PresentMon: Performance In DirectX, OpenGL, And Vulkan

The introduction of DirectX 12, Microsoft's Universal Windows Platform, and Vulkan presented us with a problem: we no longer had a reliable tool for measuring performance. Fraps only works up through DirectX 11, and it's not always as reliable as some enthusiasts assume.

Consequently, the timing of Andrew Lauritzen's PresentMon tool, freely available on GitHub, was ideal. It monitors Windows' event tracing stack for present commands and records a bunch of information about them to a CSV file for analysis.

But PresentMon is subject to its own technical limitations, since it operates at the same place in the graphics pipeline as Fraps. Thus, it doesn't completely replace tools like FCAT in our repertoire. But what makes PresentMon so interesting to us is its compatibility with not only DirectX 11, but also DX 12, OpenGL, and Vulkan.

The tool's most significant disadvantage is its command-line interface. It can be time-consuming to figure out the right combination of switches to use in order to generate the information you need. By default, it's not set up to simply spit out the data you'd necessarily expect. And that's what we set out to solve.

Detection Made Easy: The PresentMon GUI

We made the decision to develop an app that would start PresentMon, control its switches, and collect sensor data at the same time as performance was being recorded.

In the screenshot above we have a number of frequently benchmarked games, each with its own profile stored in our tool. PresentMon uses the chosen parameters for each, depending on how it was set up. One test might run for three minutes and then stop, for example, while another is started and stopped with a hotkey.

Data Collection Made Easy

Of course, PresentMon isn't set up to collect sensor data as it records performance information. That capability comes from FinalWire's AIDA64. We tap into the engineering version, synchronously recording a number of host processing and graphics statistics. Do you want to correlate GPU utilization with frame rate at a certain point in a test? That's possible. Latency and overhead are kept to a minimum, as AIDA64's approach is different from tools like HWiNFO that use a DLL for their interface.

In order to minimize the impact of storage I/O, we write this second log file to memory first (it's small enough, after all), and then to disk once PresentMon's log file closes.

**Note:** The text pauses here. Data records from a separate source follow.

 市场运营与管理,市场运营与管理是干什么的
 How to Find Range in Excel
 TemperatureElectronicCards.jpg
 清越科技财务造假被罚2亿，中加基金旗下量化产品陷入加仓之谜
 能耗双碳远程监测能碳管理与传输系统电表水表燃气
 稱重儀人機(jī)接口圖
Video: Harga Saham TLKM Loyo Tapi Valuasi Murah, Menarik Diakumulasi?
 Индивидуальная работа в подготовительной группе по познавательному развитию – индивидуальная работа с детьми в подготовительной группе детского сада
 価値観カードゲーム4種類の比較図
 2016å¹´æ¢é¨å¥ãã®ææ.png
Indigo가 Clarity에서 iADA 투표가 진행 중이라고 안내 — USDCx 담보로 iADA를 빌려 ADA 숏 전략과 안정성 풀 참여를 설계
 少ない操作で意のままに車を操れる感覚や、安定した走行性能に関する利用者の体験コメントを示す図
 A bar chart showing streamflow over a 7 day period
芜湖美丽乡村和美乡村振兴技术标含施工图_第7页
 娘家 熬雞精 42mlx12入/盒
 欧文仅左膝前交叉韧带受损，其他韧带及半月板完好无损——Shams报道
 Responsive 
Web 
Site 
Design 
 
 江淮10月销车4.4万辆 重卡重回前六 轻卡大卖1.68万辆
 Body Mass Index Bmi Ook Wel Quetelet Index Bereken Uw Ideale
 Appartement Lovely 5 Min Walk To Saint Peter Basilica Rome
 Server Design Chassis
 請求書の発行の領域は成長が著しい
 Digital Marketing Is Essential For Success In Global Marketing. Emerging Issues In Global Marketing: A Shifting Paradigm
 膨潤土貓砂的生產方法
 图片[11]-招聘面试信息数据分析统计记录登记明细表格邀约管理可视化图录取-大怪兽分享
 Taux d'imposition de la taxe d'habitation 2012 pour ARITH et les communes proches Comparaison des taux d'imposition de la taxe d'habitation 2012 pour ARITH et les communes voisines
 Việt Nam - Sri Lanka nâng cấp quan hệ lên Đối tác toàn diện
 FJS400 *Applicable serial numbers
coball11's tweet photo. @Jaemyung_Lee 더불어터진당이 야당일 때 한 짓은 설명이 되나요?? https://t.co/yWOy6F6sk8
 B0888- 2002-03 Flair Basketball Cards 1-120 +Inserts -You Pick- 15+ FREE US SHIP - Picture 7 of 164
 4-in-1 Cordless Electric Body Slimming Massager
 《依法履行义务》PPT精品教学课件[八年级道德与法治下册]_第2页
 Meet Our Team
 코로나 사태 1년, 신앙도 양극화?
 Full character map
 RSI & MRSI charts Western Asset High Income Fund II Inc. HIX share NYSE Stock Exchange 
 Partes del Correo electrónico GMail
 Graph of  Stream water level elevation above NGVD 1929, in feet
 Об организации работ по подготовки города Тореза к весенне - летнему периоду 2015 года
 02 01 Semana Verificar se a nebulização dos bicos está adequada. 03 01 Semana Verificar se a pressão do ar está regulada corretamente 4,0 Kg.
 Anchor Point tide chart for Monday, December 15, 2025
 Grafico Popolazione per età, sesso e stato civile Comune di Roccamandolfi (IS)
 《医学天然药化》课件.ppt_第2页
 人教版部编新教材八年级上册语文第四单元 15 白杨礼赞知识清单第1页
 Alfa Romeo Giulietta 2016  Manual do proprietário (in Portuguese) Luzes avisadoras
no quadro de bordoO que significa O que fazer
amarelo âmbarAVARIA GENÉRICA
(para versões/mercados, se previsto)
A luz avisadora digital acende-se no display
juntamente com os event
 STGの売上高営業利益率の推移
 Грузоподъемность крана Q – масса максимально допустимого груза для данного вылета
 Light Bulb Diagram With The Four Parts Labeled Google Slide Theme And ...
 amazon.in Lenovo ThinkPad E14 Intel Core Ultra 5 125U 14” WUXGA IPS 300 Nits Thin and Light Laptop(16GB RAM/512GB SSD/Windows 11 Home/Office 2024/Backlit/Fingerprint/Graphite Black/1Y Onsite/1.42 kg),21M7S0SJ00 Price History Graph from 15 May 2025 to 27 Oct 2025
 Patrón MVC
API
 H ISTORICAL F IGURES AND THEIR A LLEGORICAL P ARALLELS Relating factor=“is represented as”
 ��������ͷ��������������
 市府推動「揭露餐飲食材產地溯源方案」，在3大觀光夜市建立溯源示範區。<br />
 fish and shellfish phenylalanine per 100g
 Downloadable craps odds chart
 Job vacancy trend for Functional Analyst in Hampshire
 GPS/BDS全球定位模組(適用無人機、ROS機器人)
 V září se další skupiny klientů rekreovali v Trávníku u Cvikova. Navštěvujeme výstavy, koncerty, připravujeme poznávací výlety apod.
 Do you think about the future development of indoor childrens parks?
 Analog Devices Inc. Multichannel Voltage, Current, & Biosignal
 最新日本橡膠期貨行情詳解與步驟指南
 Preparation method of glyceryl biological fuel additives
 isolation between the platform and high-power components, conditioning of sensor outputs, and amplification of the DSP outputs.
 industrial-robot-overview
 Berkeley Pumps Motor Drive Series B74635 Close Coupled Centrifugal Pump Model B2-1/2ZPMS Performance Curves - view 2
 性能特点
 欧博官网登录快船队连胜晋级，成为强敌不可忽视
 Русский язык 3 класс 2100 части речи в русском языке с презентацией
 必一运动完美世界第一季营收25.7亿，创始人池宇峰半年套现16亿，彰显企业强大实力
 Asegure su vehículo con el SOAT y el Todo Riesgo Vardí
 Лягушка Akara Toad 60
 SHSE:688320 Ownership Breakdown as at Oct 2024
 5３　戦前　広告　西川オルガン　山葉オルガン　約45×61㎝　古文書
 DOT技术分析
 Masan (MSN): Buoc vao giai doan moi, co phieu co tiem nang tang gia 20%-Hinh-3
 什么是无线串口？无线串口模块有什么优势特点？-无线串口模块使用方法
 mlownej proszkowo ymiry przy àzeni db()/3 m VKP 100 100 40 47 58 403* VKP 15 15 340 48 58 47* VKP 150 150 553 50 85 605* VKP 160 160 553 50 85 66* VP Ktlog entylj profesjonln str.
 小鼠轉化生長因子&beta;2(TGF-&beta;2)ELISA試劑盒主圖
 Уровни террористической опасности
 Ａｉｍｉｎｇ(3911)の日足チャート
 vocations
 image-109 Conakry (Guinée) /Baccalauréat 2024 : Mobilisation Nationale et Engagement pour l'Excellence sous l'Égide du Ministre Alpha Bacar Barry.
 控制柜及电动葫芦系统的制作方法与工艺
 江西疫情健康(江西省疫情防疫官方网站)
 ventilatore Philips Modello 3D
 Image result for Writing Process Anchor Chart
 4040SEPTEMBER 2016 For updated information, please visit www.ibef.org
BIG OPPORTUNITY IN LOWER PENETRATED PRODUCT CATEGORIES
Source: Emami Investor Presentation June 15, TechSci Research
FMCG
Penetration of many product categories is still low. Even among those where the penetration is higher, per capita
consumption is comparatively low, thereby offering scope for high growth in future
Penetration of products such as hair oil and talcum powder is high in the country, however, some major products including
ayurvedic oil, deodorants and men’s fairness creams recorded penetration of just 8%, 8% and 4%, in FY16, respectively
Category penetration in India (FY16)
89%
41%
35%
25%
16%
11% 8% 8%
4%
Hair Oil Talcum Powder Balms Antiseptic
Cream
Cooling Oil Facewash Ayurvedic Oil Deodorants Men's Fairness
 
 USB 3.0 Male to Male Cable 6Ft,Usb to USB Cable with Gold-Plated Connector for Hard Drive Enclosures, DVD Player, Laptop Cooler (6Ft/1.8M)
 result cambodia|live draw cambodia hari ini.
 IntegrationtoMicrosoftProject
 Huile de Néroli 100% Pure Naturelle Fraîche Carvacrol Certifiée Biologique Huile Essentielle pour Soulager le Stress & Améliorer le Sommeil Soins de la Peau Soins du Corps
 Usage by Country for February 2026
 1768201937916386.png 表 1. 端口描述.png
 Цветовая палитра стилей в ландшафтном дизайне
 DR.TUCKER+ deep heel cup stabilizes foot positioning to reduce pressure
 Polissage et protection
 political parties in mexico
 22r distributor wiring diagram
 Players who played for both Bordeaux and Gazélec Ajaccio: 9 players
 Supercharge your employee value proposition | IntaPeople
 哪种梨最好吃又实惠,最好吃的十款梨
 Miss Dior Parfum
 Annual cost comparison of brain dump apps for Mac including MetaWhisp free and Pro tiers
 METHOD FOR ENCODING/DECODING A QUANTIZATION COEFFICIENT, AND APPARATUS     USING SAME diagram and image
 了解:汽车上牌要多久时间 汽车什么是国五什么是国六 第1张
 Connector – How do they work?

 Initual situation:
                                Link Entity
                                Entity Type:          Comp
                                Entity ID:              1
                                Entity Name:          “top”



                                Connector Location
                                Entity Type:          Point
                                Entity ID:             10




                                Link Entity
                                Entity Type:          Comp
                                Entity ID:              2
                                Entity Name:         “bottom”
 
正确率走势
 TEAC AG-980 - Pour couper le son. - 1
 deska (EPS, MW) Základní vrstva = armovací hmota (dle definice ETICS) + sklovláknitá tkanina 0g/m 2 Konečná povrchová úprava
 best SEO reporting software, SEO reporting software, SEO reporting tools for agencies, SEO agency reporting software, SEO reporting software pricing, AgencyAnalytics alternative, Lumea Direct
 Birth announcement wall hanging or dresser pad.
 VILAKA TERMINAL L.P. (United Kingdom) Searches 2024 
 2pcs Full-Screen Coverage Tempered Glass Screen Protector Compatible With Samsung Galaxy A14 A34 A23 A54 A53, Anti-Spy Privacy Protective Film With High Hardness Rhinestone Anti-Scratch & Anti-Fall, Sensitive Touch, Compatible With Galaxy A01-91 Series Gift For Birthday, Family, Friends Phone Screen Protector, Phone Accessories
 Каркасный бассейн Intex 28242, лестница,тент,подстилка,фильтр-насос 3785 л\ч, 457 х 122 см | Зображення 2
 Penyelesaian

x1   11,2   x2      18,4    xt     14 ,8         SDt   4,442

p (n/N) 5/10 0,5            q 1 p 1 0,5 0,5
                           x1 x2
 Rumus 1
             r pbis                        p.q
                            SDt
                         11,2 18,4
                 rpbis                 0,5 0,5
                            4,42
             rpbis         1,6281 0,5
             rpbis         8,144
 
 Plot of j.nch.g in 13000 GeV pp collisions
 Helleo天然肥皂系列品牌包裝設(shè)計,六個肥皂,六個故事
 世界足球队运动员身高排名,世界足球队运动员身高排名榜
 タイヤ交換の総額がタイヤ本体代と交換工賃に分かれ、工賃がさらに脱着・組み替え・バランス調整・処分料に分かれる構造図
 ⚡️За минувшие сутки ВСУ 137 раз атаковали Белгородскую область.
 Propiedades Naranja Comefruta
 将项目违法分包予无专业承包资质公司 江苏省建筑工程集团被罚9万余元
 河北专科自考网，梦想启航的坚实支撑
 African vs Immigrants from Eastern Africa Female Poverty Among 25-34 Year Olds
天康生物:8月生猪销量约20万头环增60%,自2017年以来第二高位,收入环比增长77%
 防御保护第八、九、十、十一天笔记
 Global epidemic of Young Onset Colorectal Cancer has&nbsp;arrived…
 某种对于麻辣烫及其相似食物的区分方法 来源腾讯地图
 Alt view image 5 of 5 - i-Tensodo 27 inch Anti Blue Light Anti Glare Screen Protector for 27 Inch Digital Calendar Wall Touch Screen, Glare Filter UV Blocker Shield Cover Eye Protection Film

Since PresentMon doesn't use a time stamp, unfortunately, we put the beginning of our own records first, then PresentMon's log, and track time between them in parallel. This is necessary for controlling external measurements (like our oscilloscopes).

Analyzing The Data And Processing It For Presentation

All of our recordings result in an enormous pile of data for every benchmark run, which has to be sorted through. To help with this, we use another proprietary piece of software that combines the two log files and applies all of the math needed for our charts. It simply wouldn't be possible to do this manually in Excel due to the complexity and number of steps involved.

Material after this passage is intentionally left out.